## Source data

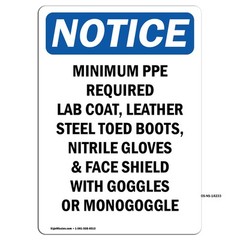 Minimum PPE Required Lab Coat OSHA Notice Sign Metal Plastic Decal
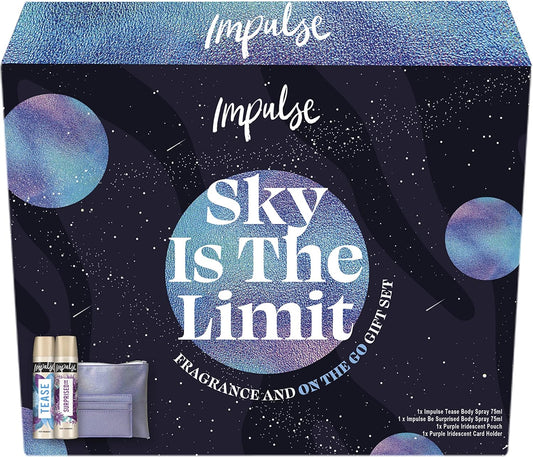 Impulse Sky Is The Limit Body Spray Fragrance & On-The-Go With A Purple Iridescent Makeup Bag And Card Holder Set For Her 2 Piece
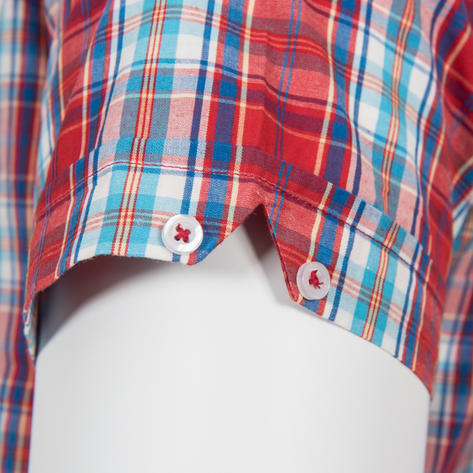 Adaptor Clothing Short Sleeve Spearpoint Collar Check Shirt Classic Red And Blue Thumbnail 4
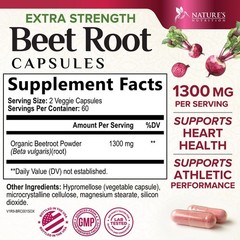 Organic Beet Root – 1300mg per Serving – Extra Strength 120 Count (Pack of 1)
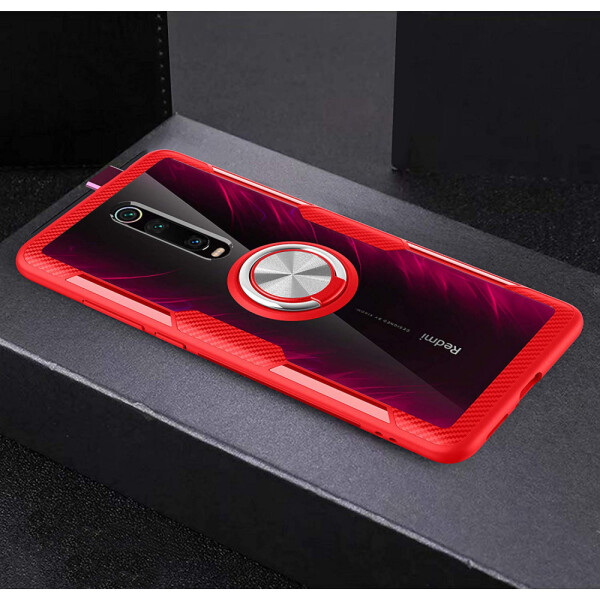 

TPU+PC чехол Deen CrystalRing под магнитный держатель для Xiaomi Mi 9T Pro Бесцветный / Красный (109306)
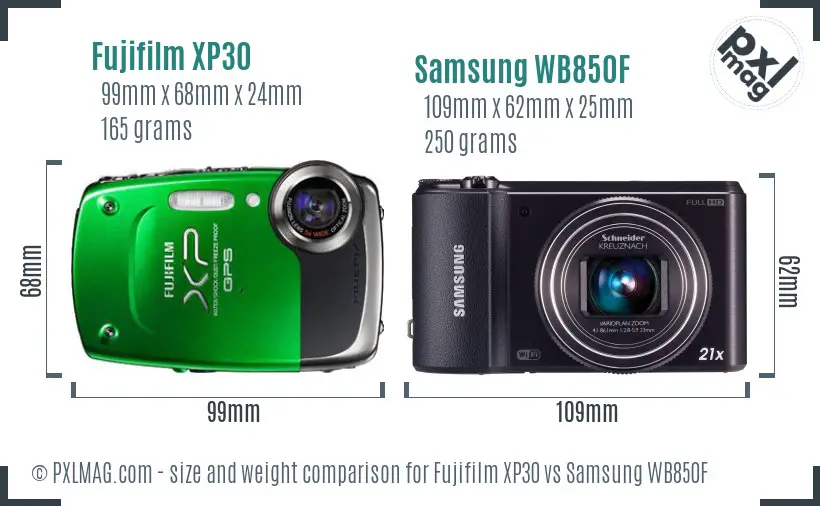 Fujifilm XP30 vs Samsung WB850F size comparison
* * *
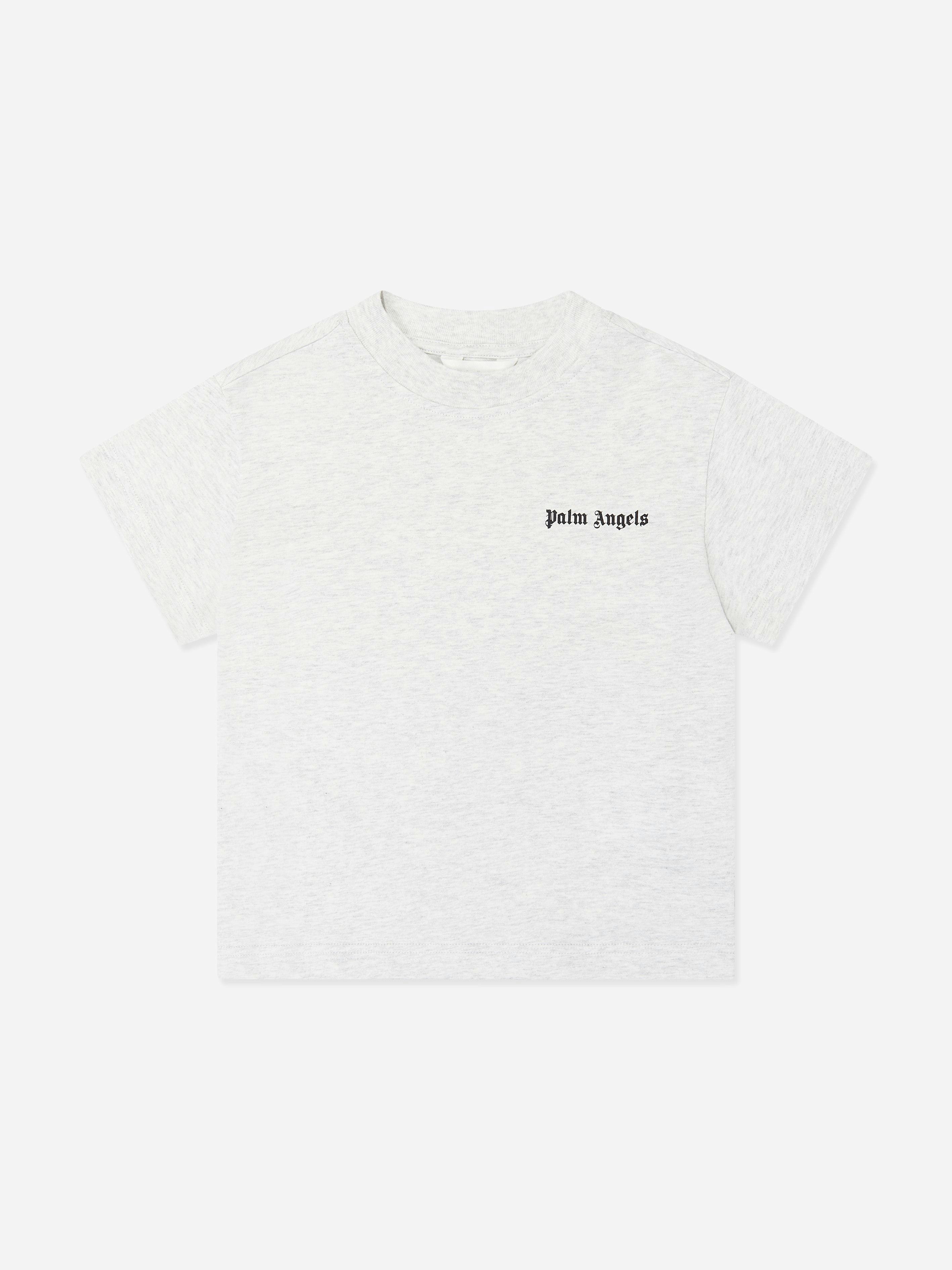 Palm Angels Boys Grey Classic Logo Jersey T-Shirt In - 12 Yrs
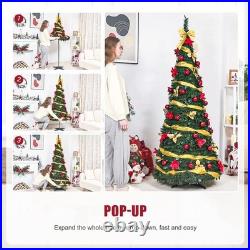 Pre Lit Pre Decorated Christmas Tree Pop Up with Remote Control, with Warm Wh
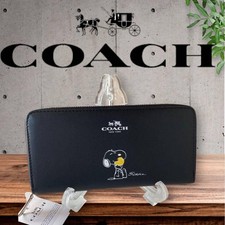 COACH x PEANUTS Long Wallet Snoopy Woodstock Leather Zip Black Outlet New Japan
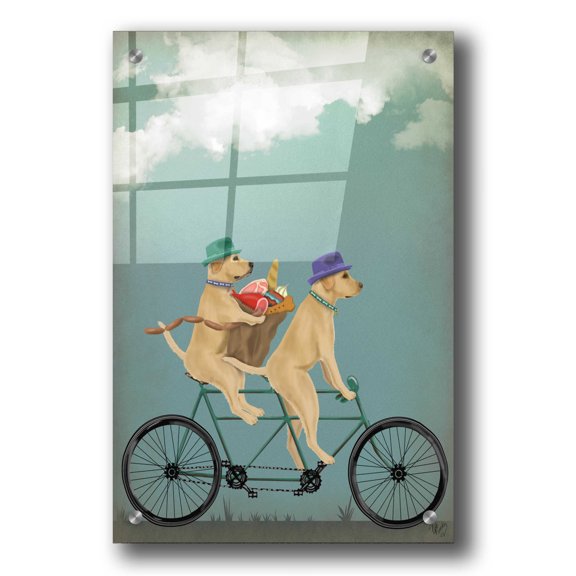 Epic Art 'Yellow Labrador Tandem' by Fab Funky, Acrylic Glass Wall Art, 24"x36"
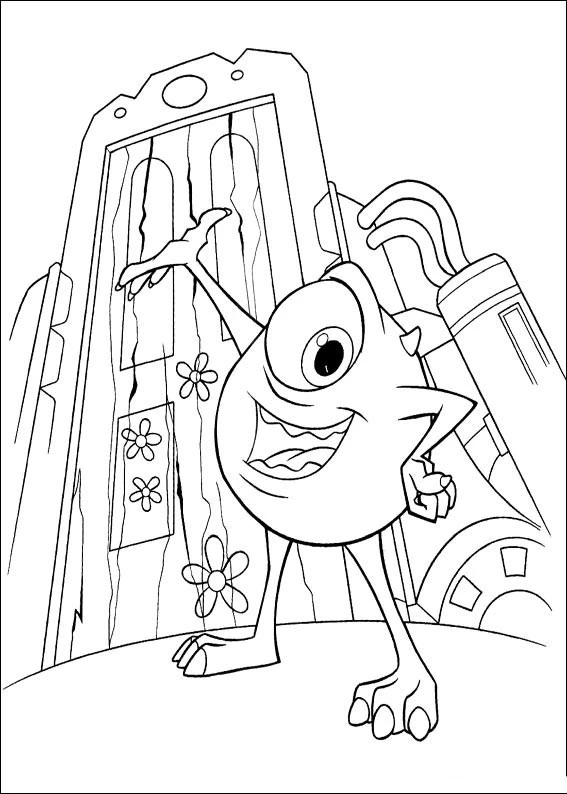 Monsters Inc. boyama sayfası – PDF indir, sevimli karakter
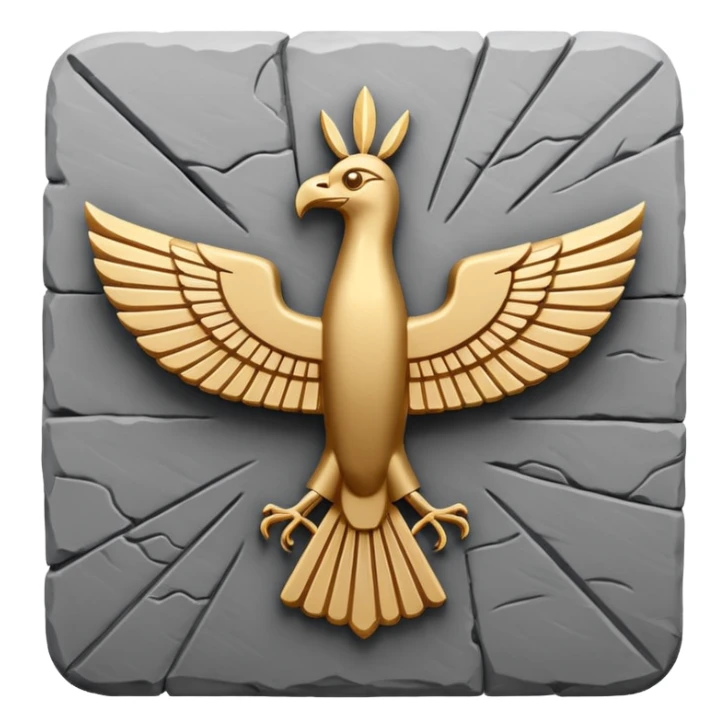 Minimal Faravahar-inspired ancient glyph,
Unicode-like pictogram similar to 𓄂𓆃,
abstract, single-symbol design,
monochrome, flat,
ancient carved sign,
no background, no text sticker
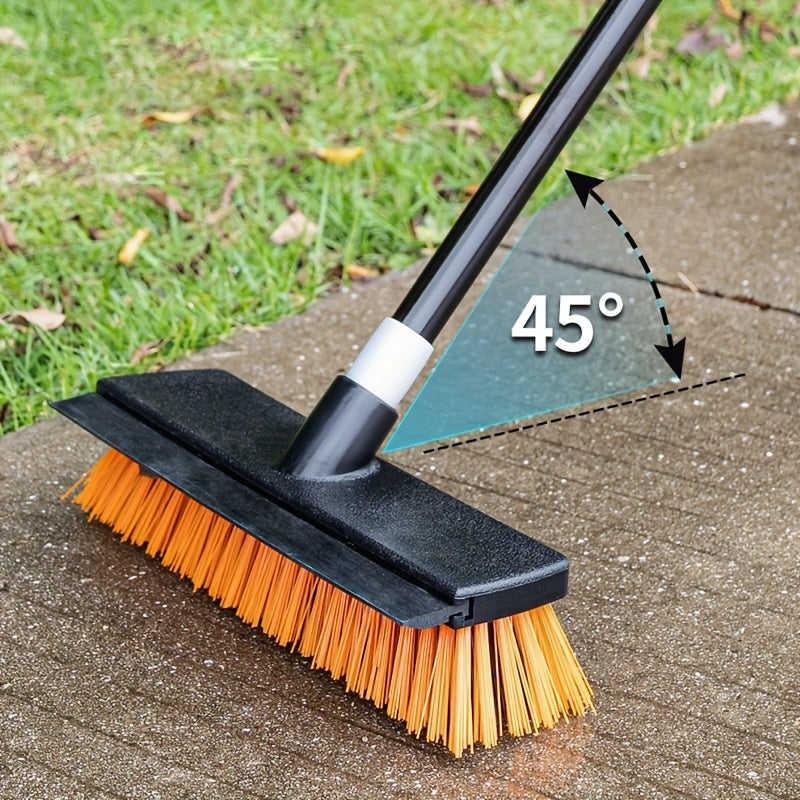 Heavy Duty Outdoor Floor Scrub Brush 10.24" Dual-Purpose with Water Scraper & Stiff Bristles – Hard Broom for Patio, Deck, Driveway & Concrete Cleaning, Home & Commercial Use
---
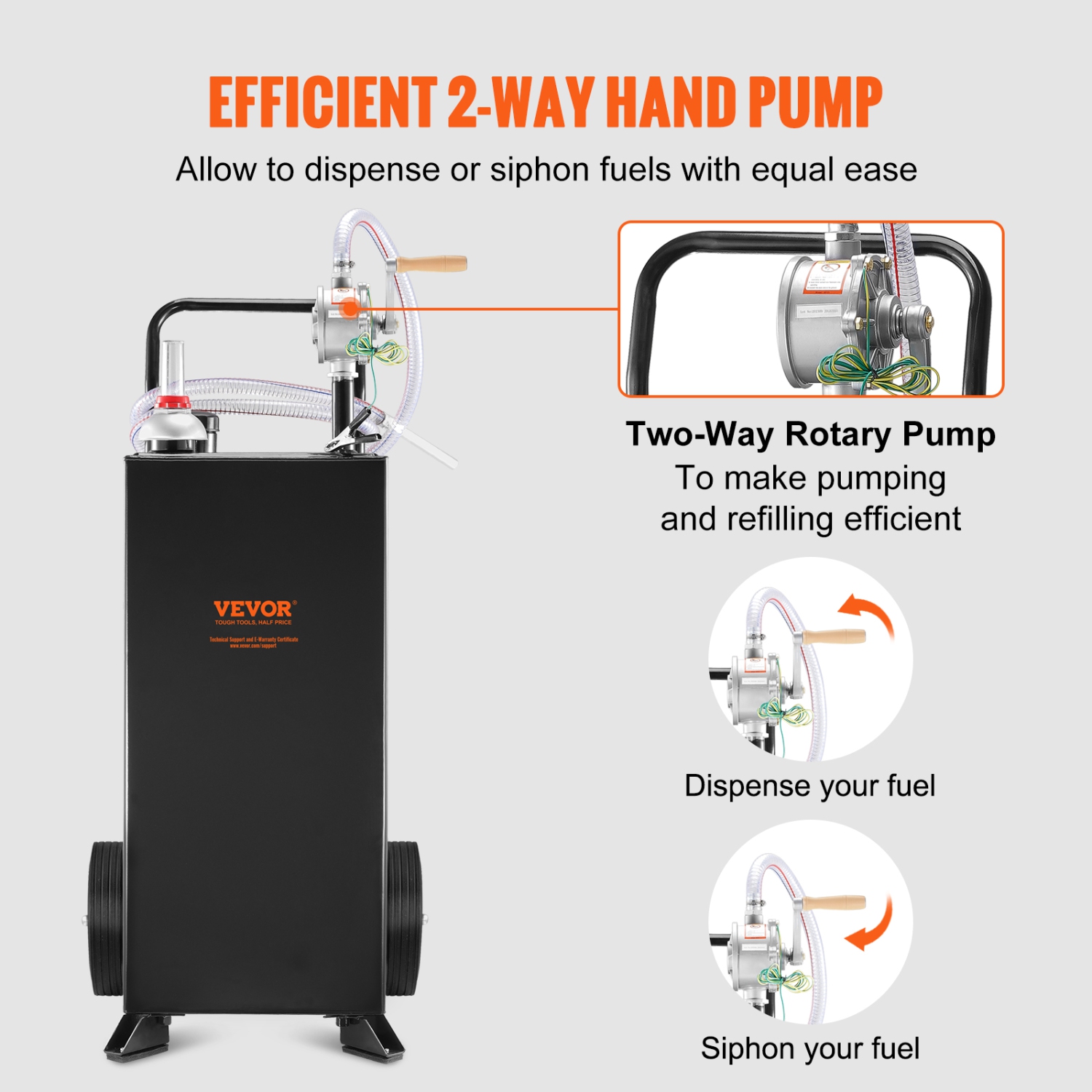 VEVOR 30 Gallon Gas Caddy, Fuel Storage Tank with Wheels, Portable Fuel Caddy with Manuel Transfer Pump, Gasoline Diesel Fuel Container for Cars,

## What to do
Looking at the listing above, which lines run from the one containing "COACH x PEANUTS" through the one containing "Monsters Inc. boyama"? Print exactly those, ends included, pictures excluded.

## Output below
 COACH x PEANUTS Long Wallet Snoopy Woodstock Leather Zip Black Outlet New Japan
 Epic Art 'Yellow Labrador Tandem' by Fab Funky, Acrylic Glass Wall Art, 24"x36"
 Monsters Inc. boyama sayfası – PDF indir, sevimli karakter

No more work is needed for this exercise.